What the court missed was the chance to move us toward a fuller understand that both our diversity and our inclusiveness still make us free today, just as these virtues did centuries ago when religious intolerance sparked the American Revolution.
Our early leaders, with clear and burning memories of the religious intolerance that prompted immigrants and refugees to flock to the colonies from the British Isles, Germany and across the globe, created the First Amendment with two components relating to religion.
The so-called "free exercise" clause gives citizens freedom of religious expression and belief, while the "establishment" clause warns that such expression is meant to be private and cannot be endorsed or promoted by the government.
The First Amendment also contains the "free speech" clause, giving us the freedom of private expression on general topics.
In framing the amendments, our founders sought to ensure against religious persecution and intolerance, while at the same time keeping government at arm's length: "Congress shall make no law ... prohibiting the free exercise" of religion or free speech.
In other words, government can't prescribe religious beliefs, but must protect them when spoken under both the free religious speech and free speech clauses.
That language prohibiting religious endorsement or promotion is exactly what the Supreme Court's majority on Monday ignored when five of nine justices chose instead to hide behind decades of American tradition. But those traditions were built when communities were smaller and tended to be more insular.
Now those decades of tradition are sliding up against a more dense America that is more mobile and cosmopolitan. It's somewhat understandable that more than two centuries after the Constitution built a wall separating church and state, we're having trouble being different even while we still stand together under a community's dome of government and, presumably, united good will.

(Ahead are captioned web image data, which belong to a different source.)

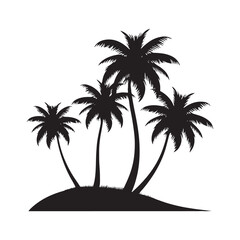Minimalist Coconut Tree Silhouette - Island-Inspired Illustration - Coconut Tree Vector - Coconut Illustration - Coconut Outline - Coconut Icon

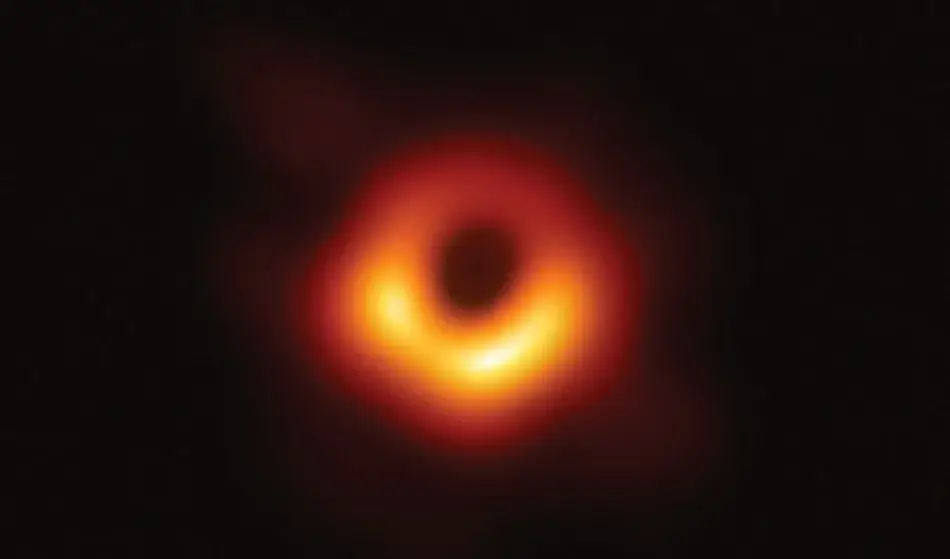 First Image of a Black Hole at the Center of Galaxy M87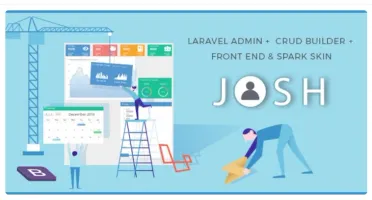 Josh – Laravel Admin Template + Front End + CRUD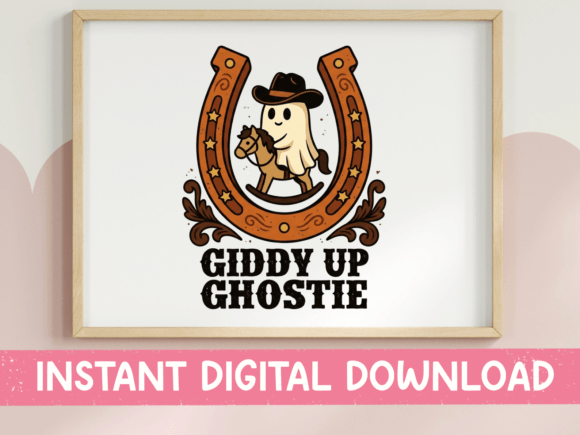 A Western Ghost SVG for Crafty T-Shirts & Graphics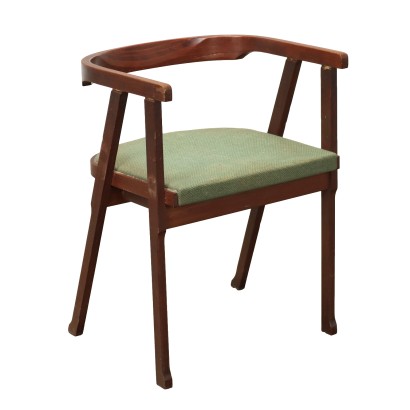 Vintage Stuhl aus Tek und Stoff Sitz zum Restaurierung der 60er Jahre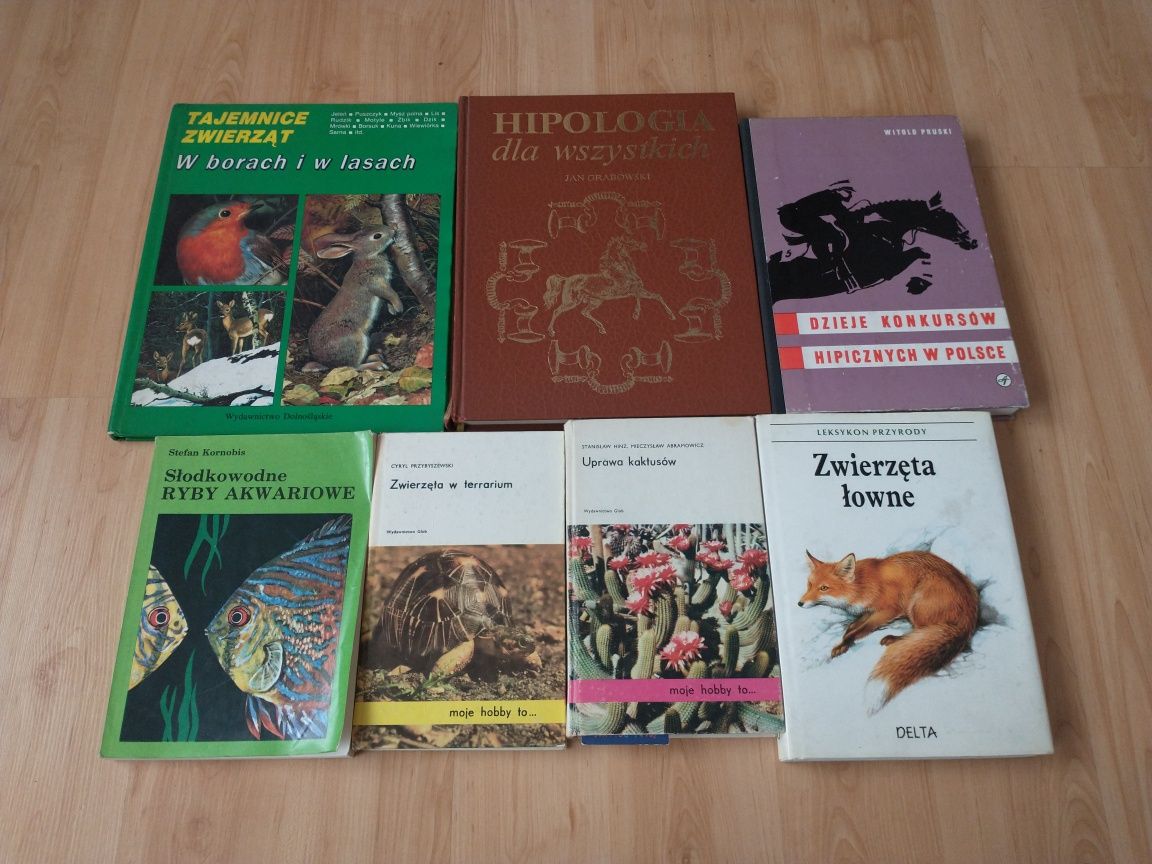15 książek o roślinach i zwierzętach +ogród moich marzeń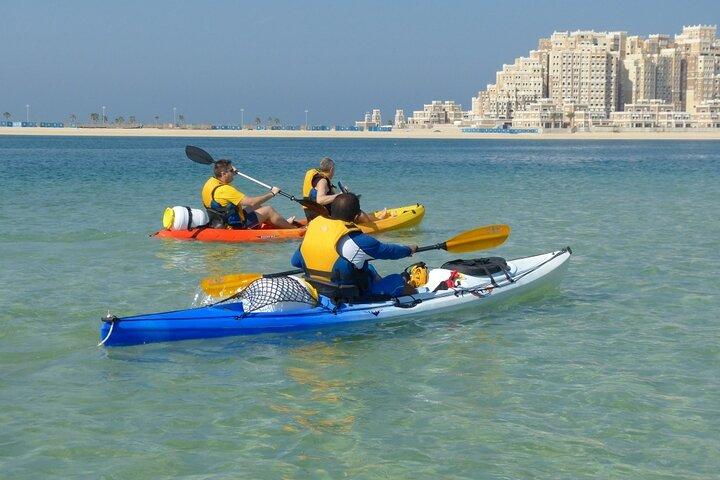 Expérience de kayak dans les eaux Oceana Palm Jumeirah de Dubaï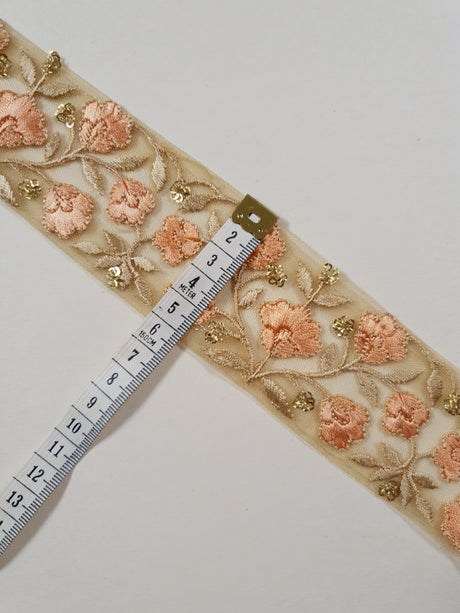 Embroidered Trim - 1 Meter - (ITR-1436)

Remember, globally religion is still the single most divisive factor in wars and atrocities.
Banning prayer was never the issue. In fact, a ban would seem similarly flawed. Just as public prayer from primarily one religion, in effect, stands as a government endorsement of that belief, so might a ban seem to be an endorsement of disbelief.
Justice Elena Kagan's persuasive dissent got to the heart of the matter: A town hall meeting in Greece, N.Y. [or here in Hamilton County, Tenn., where a similar lawsuit is smoldering], "need not become a religion-free zone," she wrote. But the practice must meet tradition and the prayers must "seek to include, rather than serve to divide."
She suggested government officials take steps to ensure "that opening prayers are inclusive of different faiths, rather than always identified with a single religion."
What a concept. Prayer to reinforce the reality that citizens of all faiths and no faiths are equal participants in government.
Instead, the high court's majority ruling shirked the chance to both reinforce "freedom for all" and the guarantee of government's religious neutrality.
The court's decision, however, doesn't preclude city councils, county commissions, school boards and other local governmental bodies from taking the higher road.
Our local leaders should -- now more than ever -- make a concerted effort to make moments of public prayer inclusive of all faiths, and yet hospitable to those with no religious faith.
Pull us together, don't hold us apart.